§ DIRECTIONS FOR THIS TASK
After locating the line that contains "Hey this is", transcribe exactly that line and each one after it until the data ends, skipping pictures.

§ SOURCE RECORDS
= = = = =
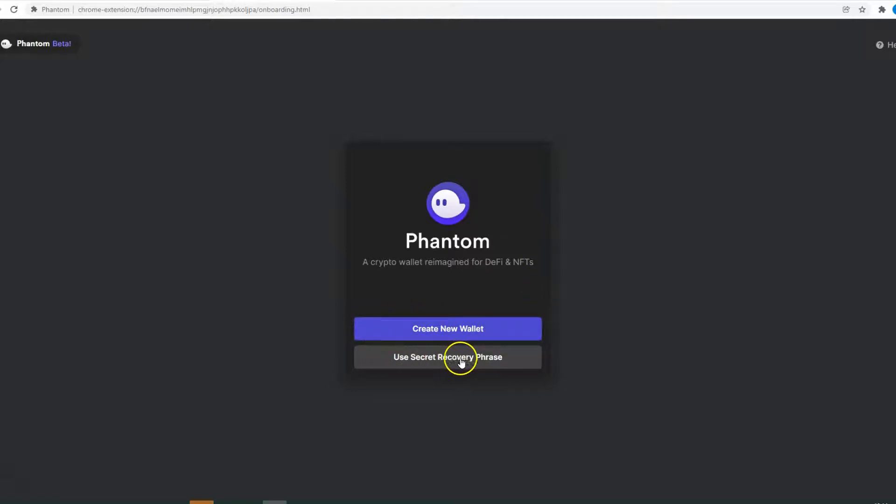You are going to choose the first one: Create New Wallet.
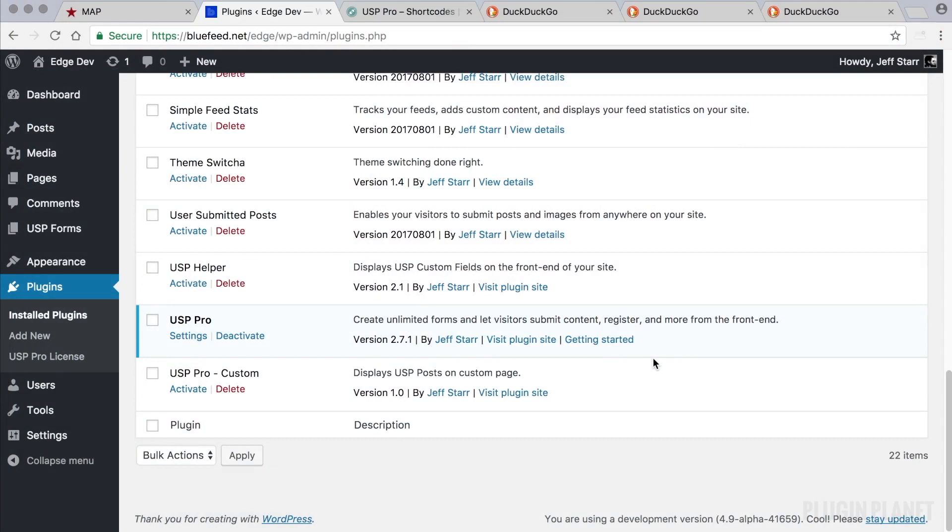Hey this is Jeff and we are here with USP Pro. In this video we will look at how to create a new form and display it on the front end.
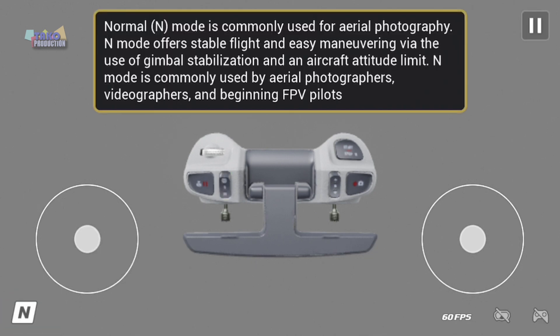Normal mode is commonly used for aerial photography. It offers stable flight and easy maneuvering via the use of gimbal stabilization and an aircraft attitude limit. Normal mode is commonly used by aerial photographers, videographers, and beginning FPV pilots.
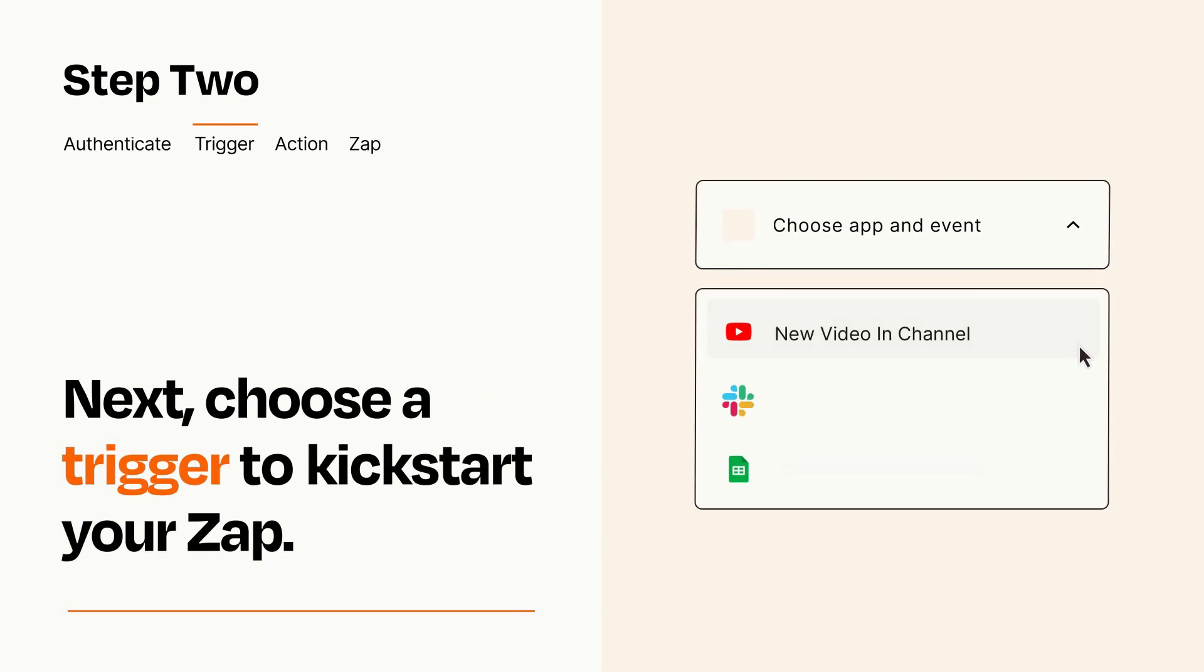Now let's set up your trigger, which is the event that starts your Zap. Pick the trigger event that you want from the list.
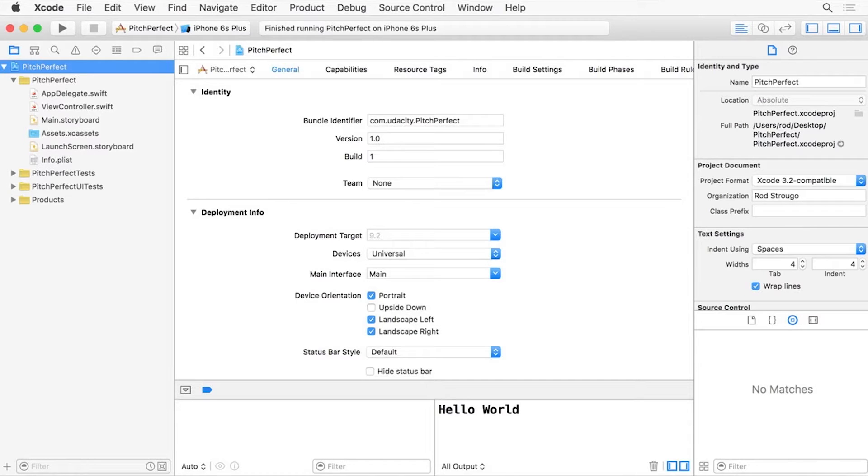Here is a view of Xcode, showing our Pitch Perfect app. I'm going to go over some of the basic parts of Xcode, and we'll be diving into the code in just a moment.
= = = = =
§ ANSWER BELOW
Hey this is Jeff and we are here with USP Pro. In this video we will look at how to create a new form and display it on the front end.
Normal mode is commonly used for aerial photography. It offers stable flight and easy maneuvering via the use of gimbal stabilization and an aircraft attitude limit. Normal mode is commonly used by aerial photographers, videographers, and beginning FPV pilots.
Now let's set up your trigger, which is the event that starts your Zap. Pick the trigger event that you want from the list.
Here is a view of Xcode, showing our Pitch Perfect app. I'm going to go over some of the basic parts of Xcode, and we'll be diving into the code in just a moment.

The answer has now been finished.